By Aditya SharmaPublished 8 Jun 20263 sources listedSpot an error? Corrections open

7 min read last revised 8 Jun 2026

on this page§ 11

Candidates report that AWS Solutions Architect interviews in 2026 combine service knowledge with real-world design questions: how would you architect a multi-region, fault-tolerant application? Confirm current exam guide and service features on the official AWS documentation and exam pages.

AWS Solutions Architect is one of the most in-demand cloud certifications. Interviews test both the SAA-C03 exam syllabus and practical architecture judgment: choosing between services, designing for failure, and optimizing cost.

Core Compute

Q1. What is the difference between EC2 instance types, and how do you choose the right one?

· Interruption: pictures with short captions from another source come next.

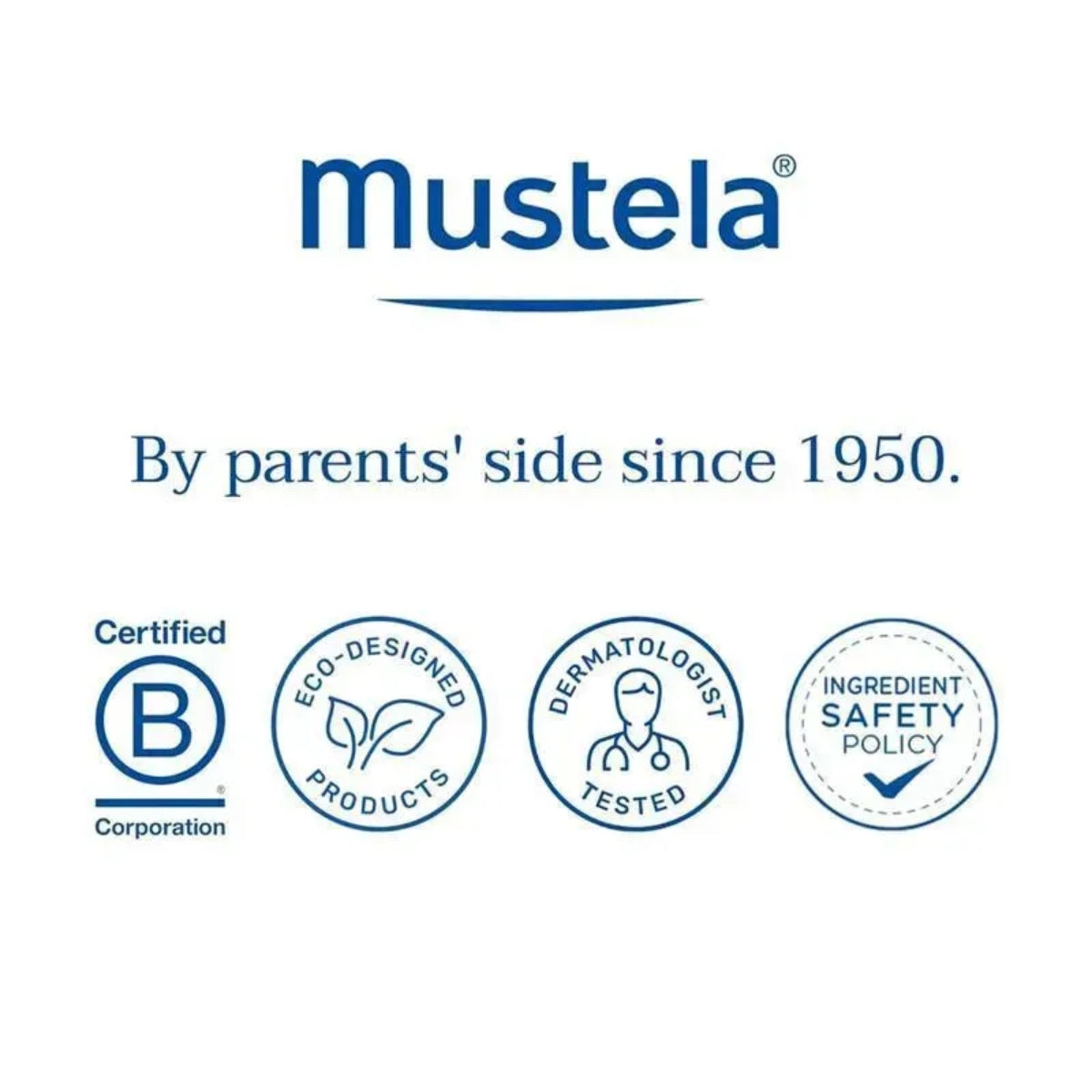 Mustela - Baby Foam Shampoo for Newborns, 5Oz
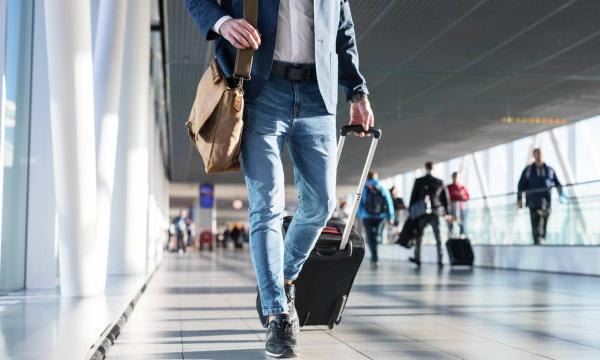 Vale a pena investir em uma boa mala de viagem?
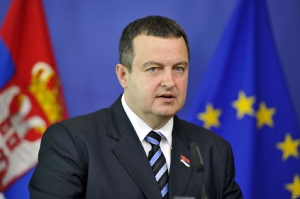 Ivica Dacic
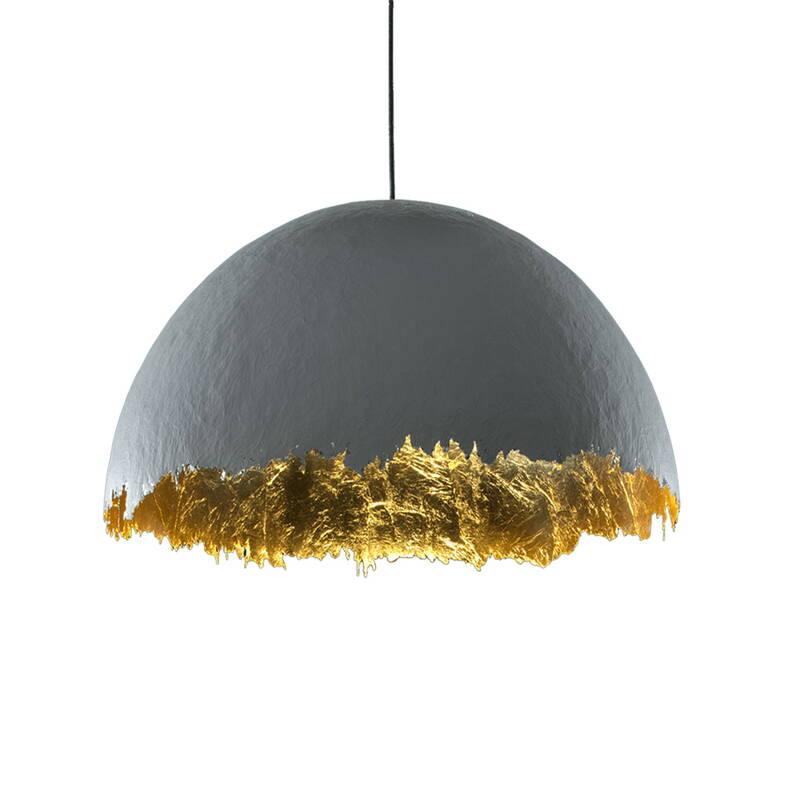 Hängeleuchte PostKrisi 49 Catellani & Smith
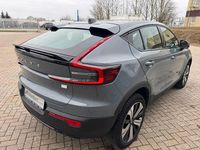 Gebraucht Volvo C40 Plus 169 kW (231 PS) 2023 Grau SUV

EC2 instances are grouped into families by workload type:

Family	Purpose	Examples
General Purpose	Balanced CPU/memory	t3, m6i, m7g
Compute Optimized	High CPU-to-memory	c6i, c7g
Memory Optimized	High memory-to-CPU	r6i, x2idn, u-*
Storage Optimized	High disk I/O (NVMe SSD)	i3en, d3en
Accelerated Computing	GPU / FPGA	p4d, g5, inf2, trn1
HPC Optimized	Low-latency networking (EFA)	hpc6a

Selection process:

Identify bottleneck: CPU-bound (compute optimized), memory-bound (memory optimized), I/O-bound (storage optimized).
Graviton (ARM) instances (m7g, c7g, r7g): cost less per performance unit, good for containerized workloads.
T-family (burstable): use only for variable workloads with CPU spikes -- sustained high CPU depletes credits.
Spot instances: up to 90% cost savings for fault-tolerant, stateless workloads. Use with Auto Scaling and Spot interruption handling.

Pricing models:

Model	Discount	Commitment	Use case
On-Demand	0%	None	Dev/test, unpredictable
Reserved (1yr)	~40%	1 year	Steady-state production
Reserved (3yr)	~60%	3 years	Committed long-term
Savings Plans	~60%	1-3 years	Flexible (EC2+Fargate+Lambda)
Spot	~70-90%	None	Stateless, fault-tolerant

Q2. What is Auto Scaling, and what are the different scaling policies?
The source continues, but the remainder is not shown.